Только такие узнавания обходятся без придуманных примет и ожерельев. Второе место занимают узнавания, вытекающие из умозаключения.
XVII
Советы поэтам — как следует писать трагедии: необходимость ясно представлять и переживать самому то, что поэт изображает. Развитие сюжета.
При составлении фабул и обработке их языка необходимо представлять события как можно ближе перед своими глазами. При этом условии поэт, видя их совершенно ясно и как бы присутствуя при их развитии, может найти подходящее и лучше всего заметить противоречия. Доказательством этому служит то, в чем упрекали Каркина. (У него) Амфиарай выходил из храма, что укрывалось от взора зрителей. Публика была раздосадована этим, и на сцене Каркин потерпел неудачу.
По возможности следует сопровождать работу и телодвижениями. Увлекательнее всего те поэты, которые переживают чувства того же характера. Волнует тот, кто сам волнуется, и вызывает гнев тот, кто действительно сердится. Вследствие этого поэзия составляет удел или богато одаренного природой, или склонного к помешательству человека. Первые способны перевоплощаться, вторые — приходить в экстаз.

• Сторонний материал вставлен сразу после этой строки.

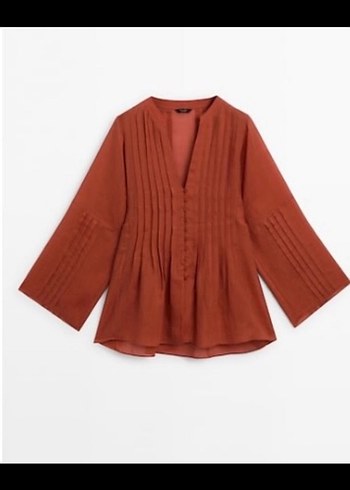 Massimo Dutti Gömlek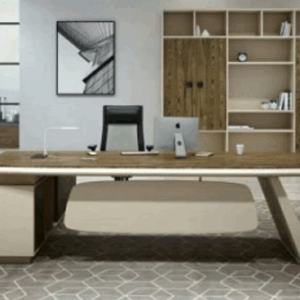 Anjia executive table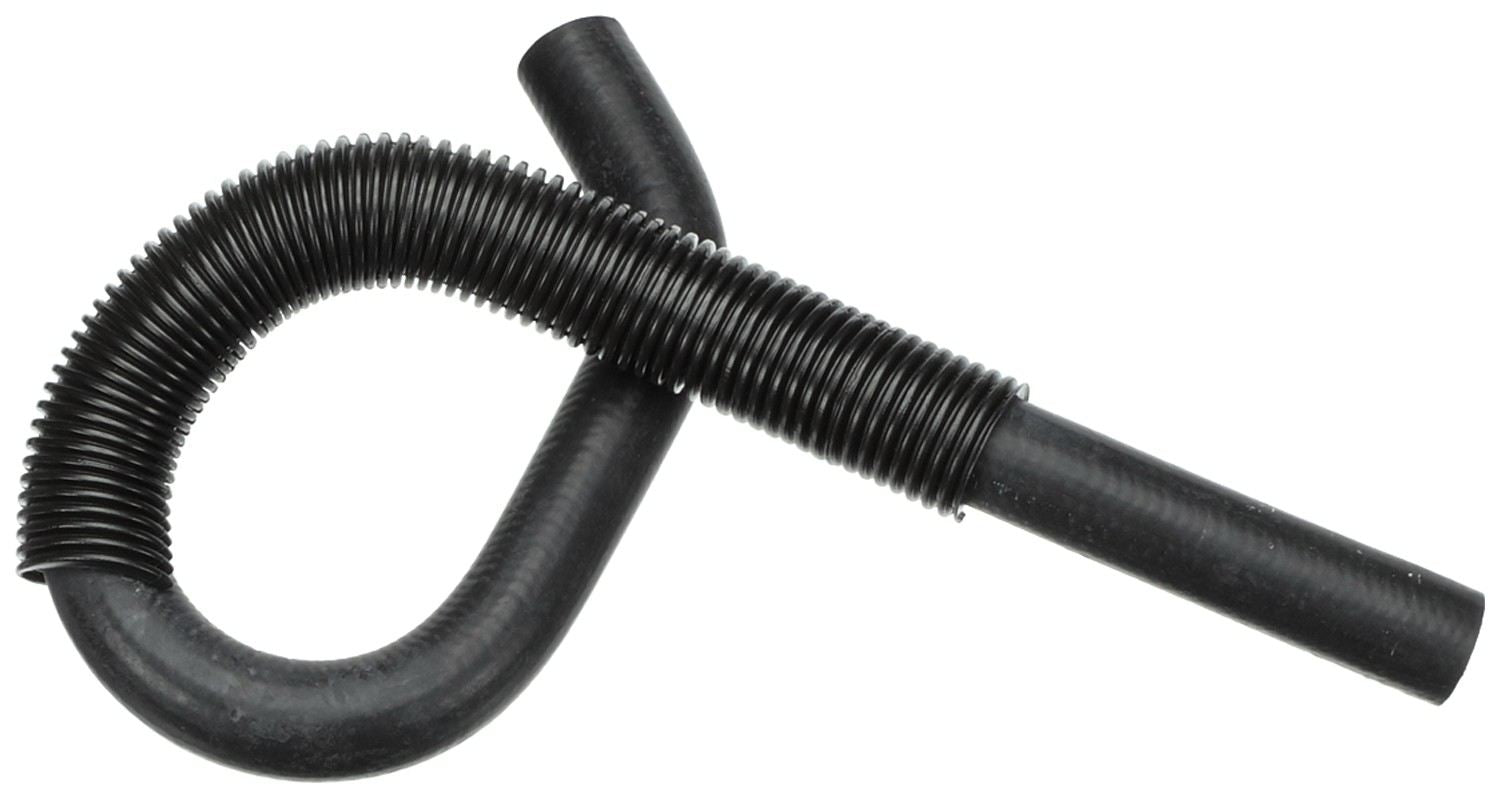 Gates 89-91 Ford Probe 4-Cyl. 2.2L Heater To Pipe Molded Heater Hose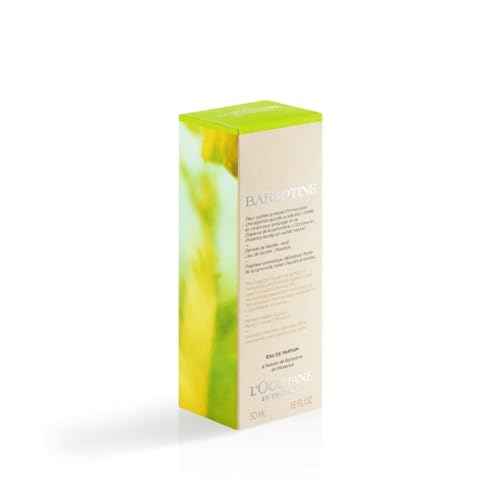 L'OCCITANE Barbotine Eau de Parfum 50ml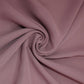 Onion Pink Solid Royal Georgette Fabric MKR-24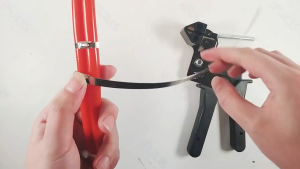 Tool-Hive - Kìm Siết Dây Rút Inox Chuyên Dụng Bền Bỉ & Hiệu Quả Cao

Как эти рассказы (т. е. сохраненные преданиями), так и вымышленные поэт, создавая трагедию, должен представлять в общих чертах, а потом вводить эпизоды и расширять. По моему мнению, общее можно представлять так, как, например, в «Ифигении». Когда стали приносить в жертву какую-то девушку, она исчезла незаметно для совершавших жертвоприношение и поселилась в другой стране, в которой был обычай приносить в жертву богине чужестранцев.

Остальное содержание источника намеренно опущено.